| TASK TO COMPLETE |
Please take the lines from the one holding "ЦЕНТР, Однокімнатна, Княгинен, по" through the one holding "2 Bedroom Property" in the data below and copy them exactly.
[[ EXERCISE MATERIAL, beginning ]]
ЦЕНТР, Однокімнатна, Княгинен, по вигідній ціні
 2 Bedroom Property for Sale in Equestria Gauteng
[[ EXERCISE MATERIAL, end ]]
[[ EXERCISE MATERIAL, beginning ]]
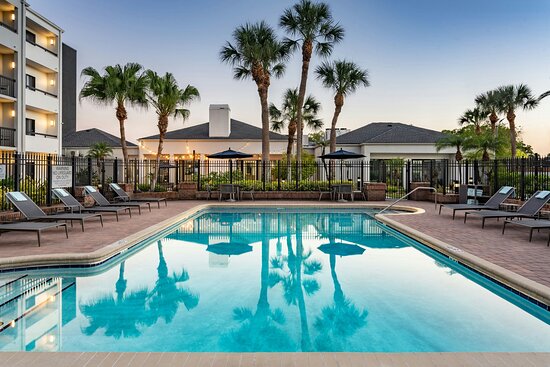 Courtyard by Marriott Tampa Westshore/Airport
[[ EXERCISE MATERIAL, end ]]
| SOLUTION TO THE PROBLEM |
ЦЕНТР, Однокімнатна, Княгинен, по вигідній ціні
 2 Bedroom Property for Sale in Equestria Gauteng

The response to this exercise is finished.